La fine dell’iperconsumismo non è una brutta notizia

A cura di Andrea Argenti, Country Head Italia di Lombard Odier IM

I Millennial non erano ancora nati quando, nel 1976, Walter Stahel e Genevieve Reday, in una ricerca della Commissione Europea dal titolo “The Potential for Substituting Manpower for Energy”, delinearono la loro visione dell’economia circolare e il suo impatto sulla creazione di posti di lavoro, competitività economica, risparmio di risorse e riduzione dei rifiuti.

Oggi, invece, la generazione dei Millennial rappresenta la più importante forza lavoro negli Stati Uniti e questo trend si manifesterà presto anche in Europa. I Millennial hanno modificato le abitudini dei consumatori grazie all’incremento del proprio potere d’acquisto e sono inoltre perfettamente consapevoli dello stato preoccupante in cui versa il nostro pianeta.
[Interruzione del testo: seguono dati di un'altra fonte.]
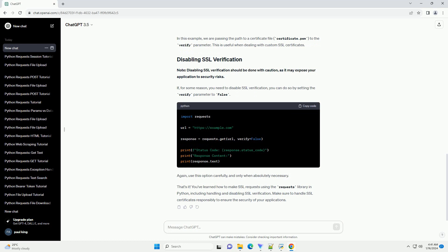That's it. You've learned how to make SSL requests using the requests library in Python, including handling and disabling SSL verification. Make sure to handle SSL certificates responsibly to ensure the security of your applications.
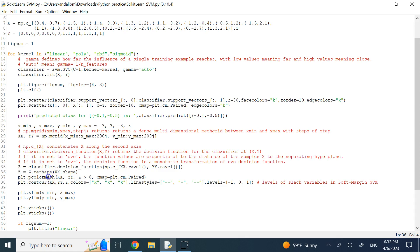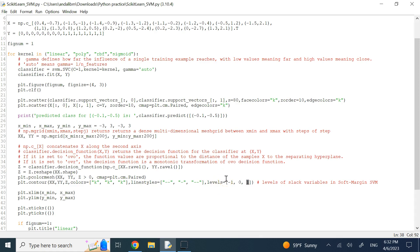Now that we have Z, XX, and YY, we can create the color mesh and contour plots. For the contours we use black dashed lines at three levels: negative 1, 0, and 1 — corresponding to the standard SVM slack variable values. Level 0 is the mid-plane (shown as a solid line), while negative 1 and 1 are the margin boundaries passing through the support vectors.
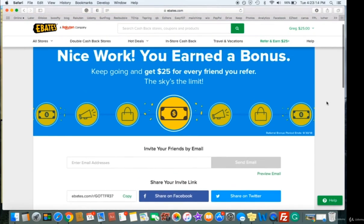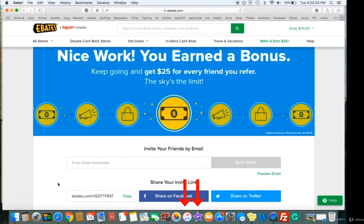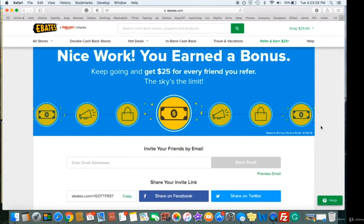I want to be transparent — I'm going to put my referral link in the links below. If you want to use my referral link to sign up, there's no pressure at all. If you don't want to use it, don't worry — you can just go to Ebates.com and sign up. If you do want to use it and you like this course, I really do appreciate that.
L’inquinamento colpisce l’ambiente e contamina la terra, l’aria e l’acqua. La plastica è ormai onnipresente tanto da essere riuscita a penetrare in tutta la catena alimentare, si trova in ogni angolo del pianeta e anche nelle acque più profonde dei nostri oceani. L’uomo ha iniziato persino a inquinare lo spazio, lasciando in orbita una grande quantità di rifiuti che non si possono smaltire.
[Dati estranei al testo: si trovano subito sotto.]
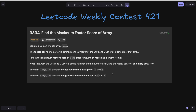Welcome to the channel. Here we are discussing the question from LeetCode Weekly Contest 421: Find the Maximum Factor Score of an array. The question states that you are given an integer array nums. The factor score of an array is defined as the product of the LCM and GCD of all elements of that array. Return the maximum factor score of nums after removing at most one element from it.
Anche la biodiversità ne sta risentendo. Negli ultimi 20 anni praticamente quasi tutte le specie di fauna selvatica hanno assistito a una massiccia diminuzione dei componenti e oggi il 96% di tutte le specie animali del nostro pianeta è rappresentato dal bestiame allevato per rispondere al fabbisogno della popolazione. Va aggiunto inoltre che il consumo alimentare a le questioni legate al cambiamento climatico non fanno altro che aggravare tutti questi problemi.

Gli esseri umani, i principali responsabili di questa situazione, stanno finalmente cominciando a comprendere di esserne anche le vittime. Non si tratta solo di salvare gli orsi polari o gli oranghi dall’estinzione perché, ormai, il danno all’ambiente è talmente elevato che anche la nostra salute, la sicurezza alimentare, lo sviluppo economico e, di conseguenza, la stabilità stessa dei nostri sistemi politici sono a rischio.
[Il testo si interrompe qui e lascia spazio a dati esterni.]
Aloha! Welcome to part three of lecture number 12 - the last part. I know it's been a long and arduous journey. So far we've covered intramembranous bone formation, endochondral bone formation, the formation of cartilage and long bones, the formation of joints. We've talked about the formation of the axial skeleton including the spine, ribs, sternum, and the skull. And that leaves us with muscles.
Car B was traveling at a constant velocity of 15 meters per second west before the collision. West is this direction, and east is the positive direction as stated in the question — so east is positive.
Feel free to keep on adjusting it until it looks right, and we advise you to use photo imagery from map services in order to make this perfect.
Quindi, come possiamo invertire questa tendenza in un momento in cui la popolazione e l’economia mondiale continuano a crescere? Un semplice calcolo mostra che una crescita globale del 3% annuo, che è più o meno la performance alla quale abbiamo assistito dal 2000, implica che nei prossimi 25 anni la produzione globale dovrà necessariamente raddoppiare. E come possiamo tenere il passo con la produzione se stiamo già consumando molte più risorse di quante il pianeta sia in grado generarne in un solo anno?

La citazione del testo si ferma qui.